| THE PROBLEM |
Retype the entries exactly, but skip the pictures.

| DATASET CONTENT |
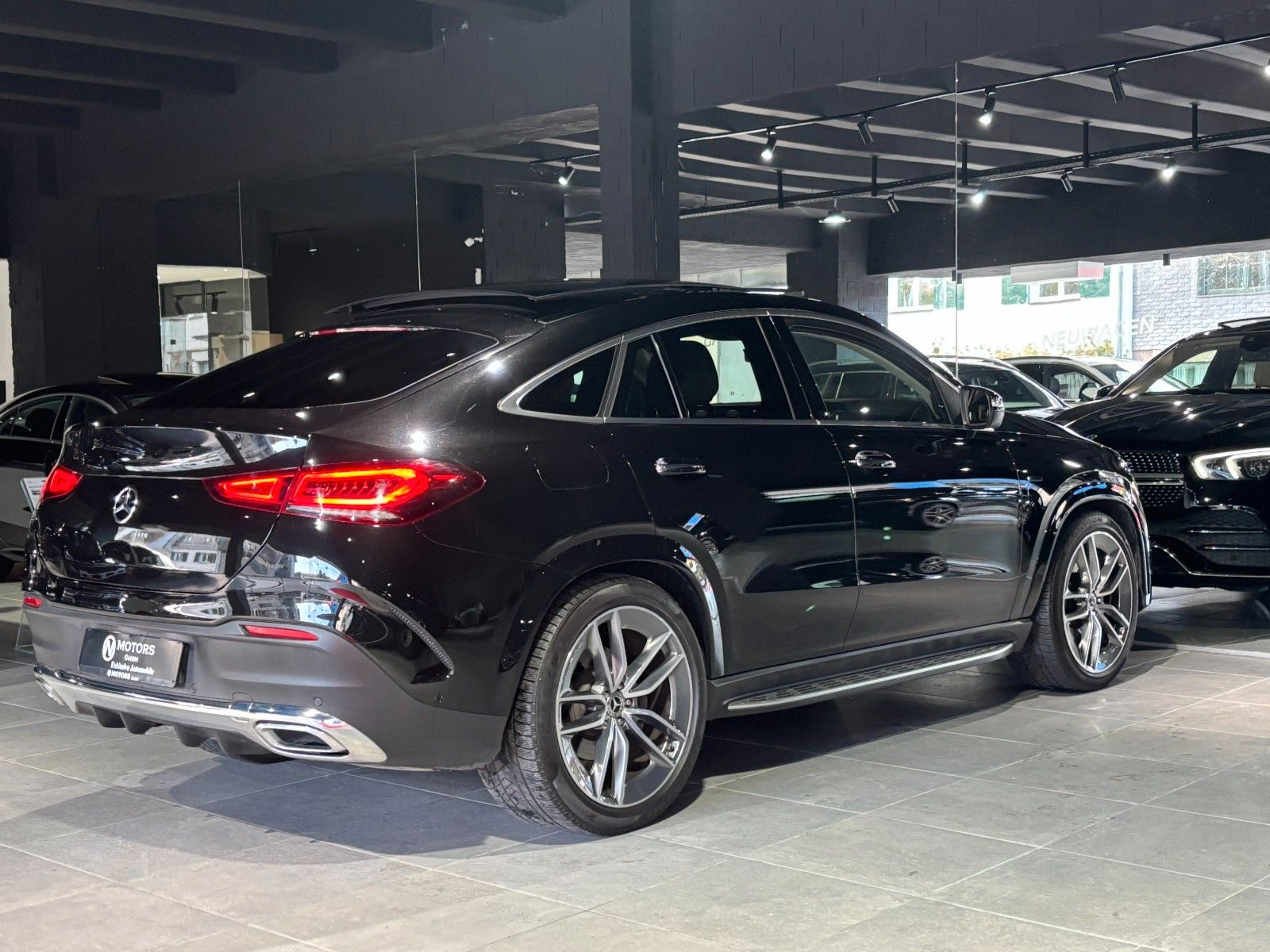 Fahrzeugabbildung Mercedes-Benz GLE 350de Coupe*AMG*Massage*HUD*Pano*360°*Keyles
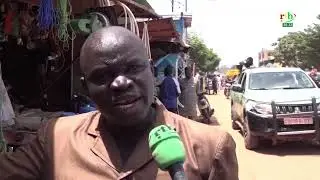Descente dans les rues de Ouaga par la police municipale pour contrôler l'occupation anarchique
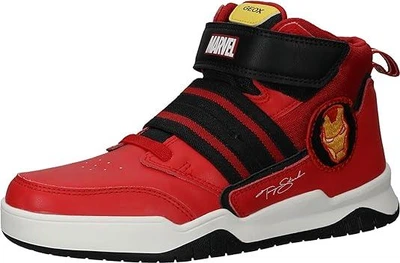 Черевики Geox Perth з символікою Marvel, 34 євро, Red Black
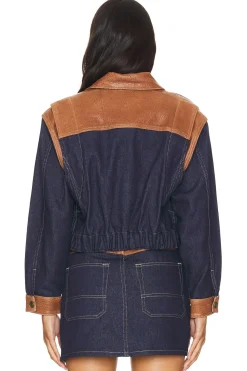 Women FRAME Jackets & Coats><noscript><img width=
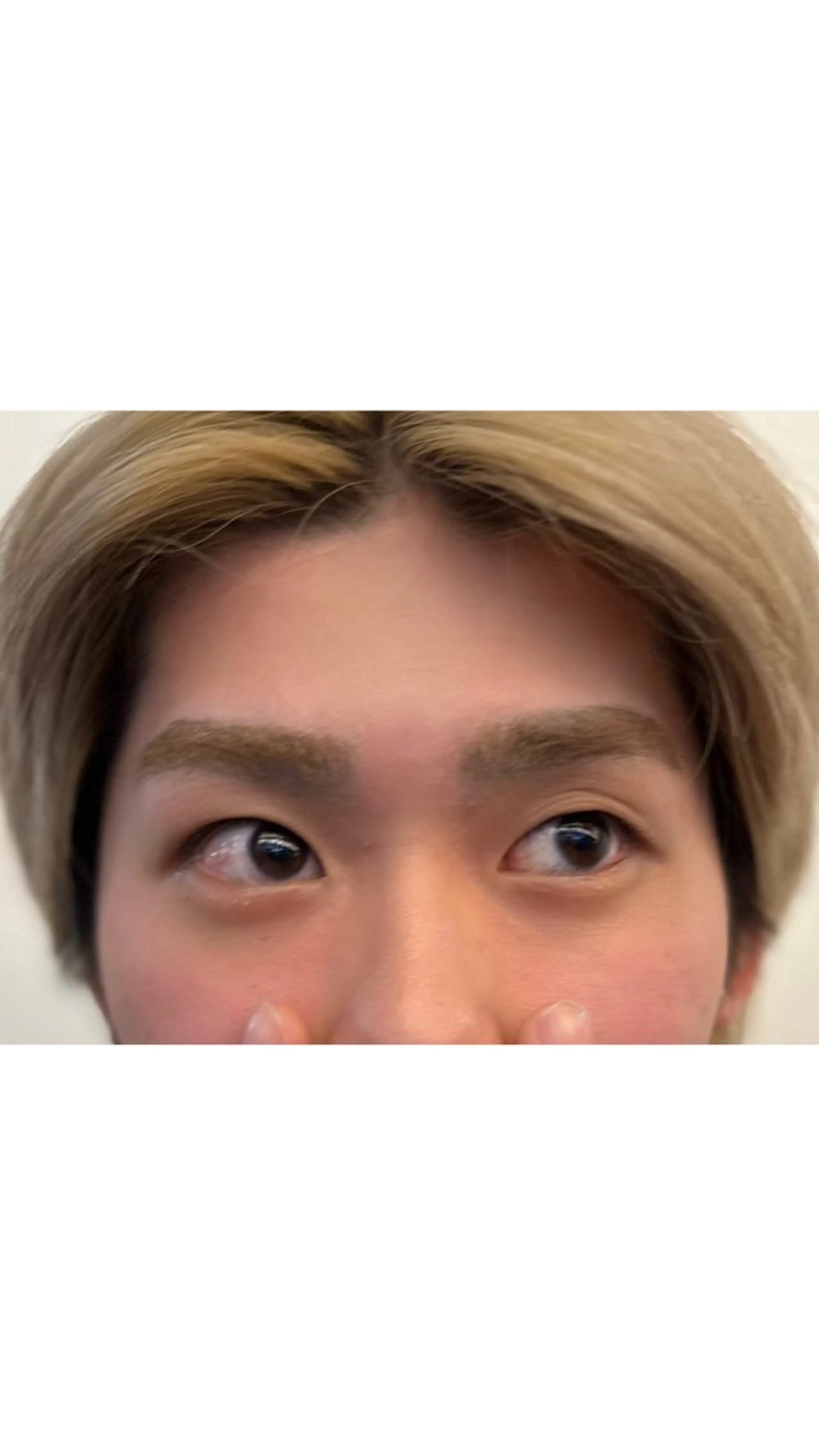 アイブロウ メンズアイブロウ ワックス脱毛 眉カット その他(アイブロウ) B☆STAR yuuの眉毛・アイブロウイメージ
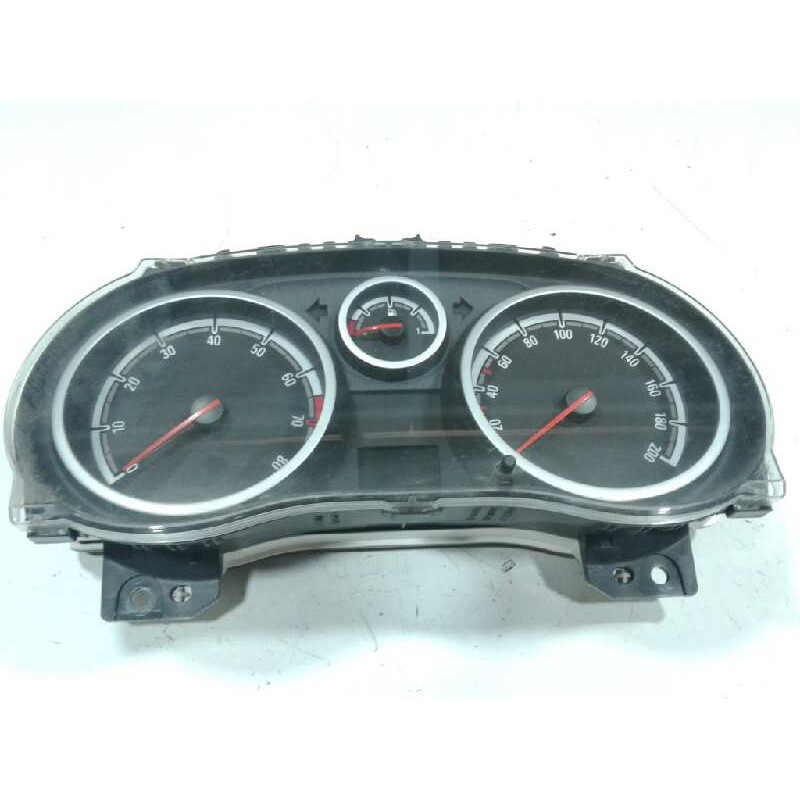 Recambio de cuadro instrumentos para opel corsa d catch me referencia OEM IAM 1257256  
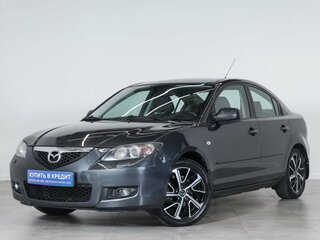2008 Mazda 3 I (BK) Рестайлинг, серый, 749000 рублей, вид 3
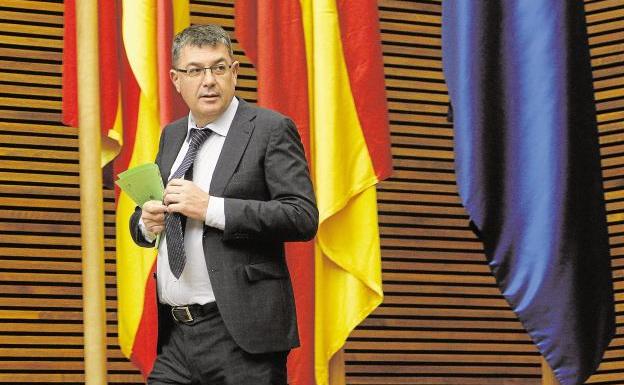 Enric Morera, presidente de Les Corts./M. Molines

| WRITTEN SOLUTION |
 Fahrzeugabbildung Mercedes-Benz GLE 350de Coupe*AMG*Massage*HUD*Pano*360°*Keyles
Descente dans les rues de Ouaga par la police municipale pour contrôler l'occupation anarchique
 Черевики Geox Perth з символікою Marvel, 34 євро, Red Black
 Women FRAME Jackets & Coats><noscript><img width=
 アイブロウ メンズアイブロウ ワックス脱毛 眉カット その他(アイブロウ) B☆STAR yuuの眉毛・アイブロウイメージ
 Recambio de cuadro instrumentos para opel corsa d catch me referencia OEM IAM 1257256  
2008 Mazda 3 I (BK) Рестайлинг, серый, 749000 рублей, вид 3
 Enric Morera, presidente de Les Corts./M. Molines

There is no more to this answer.